The most common reason software projects go over budget isn't bad developers. It's under-specified requirements that force expensive rework mid-build.
A technical specification is a written agreement on what you're building before you build it. It sounds obvious. Most projects skip it anyway.
What a spec actually is
A specification isn't a 100-page waterfall document. A useful spec for most projects is 5–20 pages that answer:
- What problem are we solving? Stated in terms of user behavior, not features
- Who are the users? With enough specificity to make design decisions
- What does the system do? Functional requirements, edge cases, constraints
- How does it work? Data models, API contracts, integration points, auth flows
- What does it not do? Explicit scope boundaries are as important as scope inclusions
- How do we know it's working? Acceptance criteria for each major feature
The economics
A requirement change during specification costs an hour of discussion. The same change during development costs days of rework. The same change after launch can cost weeks and affect live users.
This is Boehm's Law, formalized in the 1970s and still empirically true. The cost of change compounds at every stage of development. Front-loading the hard decisions is the highest-leverage thing you can do before a project starts.
What makes a spec bad
Most specs that fail do so because they describe solutions instead of problems. "The system will have a dropdown with the following options" is a solution. "Users need to filter results by region to find relevant listings" is a problem. Solutions embedded too early in a spec lock in bad design decisions before anyone has written a line of code.

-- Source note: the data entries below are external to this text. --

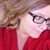 Missy Loftus's profile image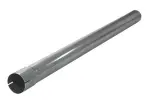 TORU 63.5*990 MM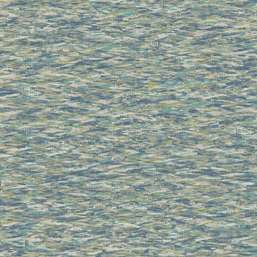  Holden Decor Minerals 35781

The other common failure: specs written by one person without developer input. The people who will build the system will catch ambiguities, technical constraints, and edge cases that no product owner anticipates alone.
The spec as contract
A finished specification serves as the baseline for project estimates, milestones, and change management. When a stakeholder asks for something new mid-project, the spec is the document you refer to. "That's not in scope — here's what is, and here's what adding it would cost."
Without a spec, every conversation about scope is a negotiation from scratch.
When to write one
Any project with more than one developer, more than two weeks of work, or more than one stakeholder needs a spec. Smaller projects benefit from even a one-page decision log.
The time it takes to write a good spec is always less than the time it saves.